ALL over Oxfordshire thousands of older people are fighting one of the cruellest but hardest-to-spot maladies of all: loneliness.
This year the Oxford Mail is working with Age UK Oxfordshire to raise £5,400 for its “Phone Friends” service for older people desperately in need of human contact.
Social groups like Friendleys, in Blackbird Leys, have been doing their bit to achieve the same ends in the run-up to Christmas.
For regulars like Alan Wright, 80, the group is about more than a cup of tea and a cake: in the past it has proved a lifeline.
Mr Wright, of Brook View, Greater Leys, met his wife Kathleen in the 1970s when both were serving as cooks at the old Cowley Road Hospital. They married in 1972.
But Kathleen suffered from early onset dementia and, after moving into the Shrublands Centre care home in Cumnor, passed away in 2009 aged just 61.
Mr Wright said: “I was on my own. I had been to a ‘follow-up’ support group but by Christmas two years ago there were only about six of us left.

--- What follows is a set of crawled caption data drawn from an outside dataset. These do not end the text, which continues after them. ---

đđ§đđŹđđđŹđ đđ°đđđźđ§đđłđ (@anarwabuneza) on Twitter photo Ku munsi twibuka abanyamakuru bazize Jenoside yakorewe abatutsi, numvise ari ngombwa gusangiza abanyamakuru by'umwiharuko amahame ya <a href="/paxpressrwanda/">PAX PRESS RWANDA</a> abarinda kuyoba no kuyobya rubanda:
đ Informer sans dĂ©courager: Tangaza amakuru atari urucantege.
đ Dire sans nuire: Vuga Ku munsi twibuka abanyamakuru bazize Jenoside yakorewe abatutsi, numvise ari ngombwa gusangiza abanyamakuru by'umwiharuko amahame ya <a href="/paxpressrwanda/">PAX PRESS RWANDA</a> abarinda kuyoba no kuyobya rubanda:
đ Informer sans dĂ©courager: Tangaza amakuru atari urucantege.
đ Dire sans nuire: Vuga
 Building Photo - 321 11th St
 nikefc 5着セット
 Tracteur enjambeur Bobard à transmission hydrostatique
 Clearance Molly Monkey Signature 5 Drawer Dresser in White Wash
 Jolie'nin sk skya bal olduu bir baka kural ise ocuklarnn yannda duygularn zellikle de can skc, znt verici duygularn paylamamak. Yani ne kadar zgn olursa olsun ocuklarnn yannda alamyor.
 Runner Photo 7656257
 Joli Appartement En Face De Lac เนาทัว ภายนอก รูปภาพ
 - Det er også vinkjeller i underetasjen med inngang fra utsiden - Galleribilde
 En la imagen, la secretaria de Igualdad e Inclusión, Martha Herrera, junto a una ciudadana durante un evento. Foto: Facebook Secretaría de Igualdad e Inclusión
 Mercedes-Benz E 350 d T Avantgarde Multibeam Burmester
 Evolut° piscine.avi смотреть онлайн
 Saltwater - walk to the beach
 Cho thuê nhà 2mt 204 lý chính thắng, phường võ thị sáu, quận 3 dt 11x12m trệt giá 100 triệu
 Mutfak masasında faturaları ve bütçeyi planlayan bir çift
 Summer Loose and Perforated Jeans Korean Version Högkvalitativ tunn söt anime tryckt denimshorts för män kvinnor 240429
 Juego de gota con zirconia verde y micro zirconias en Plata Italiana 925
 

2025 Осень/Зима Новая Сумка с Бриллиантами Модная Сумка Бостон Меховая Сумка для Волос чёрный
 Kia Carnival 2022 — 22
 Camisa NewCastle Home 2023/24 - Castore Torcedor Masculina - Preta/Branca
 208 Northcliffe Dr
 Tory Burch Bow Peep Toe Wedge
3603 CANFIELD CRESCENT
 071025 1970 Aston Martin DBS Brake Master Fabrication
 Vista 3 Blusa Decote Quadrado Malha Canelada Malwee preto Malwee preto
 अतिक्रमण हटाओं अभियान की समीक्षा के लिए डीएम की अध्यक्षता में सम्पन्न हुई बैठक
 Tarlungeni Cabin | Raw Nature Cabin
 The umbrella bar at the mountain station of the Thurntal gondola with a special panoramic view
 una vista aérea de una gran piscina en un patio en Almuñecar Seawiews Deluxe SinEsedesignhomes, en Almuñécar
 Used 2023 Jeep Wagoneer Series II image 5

“I was getting really gloomy. Eventually when you’ve been on your own all the time it builds up on you. You don’t want to go out and you forget how to be around people.”
Mr Wright encountered Friendleys in June 2014 and settled in quickly, using his past catering experience to help set up and serve refreshments. He added: “There were about 11 of us then and it has greatly grown.
“Friendleys changed my life. I think it will have quite surprised Liz but I mean it sincerely. It’s something to look forward to each week, and has really opened up my life again. I don’t feel as alone.”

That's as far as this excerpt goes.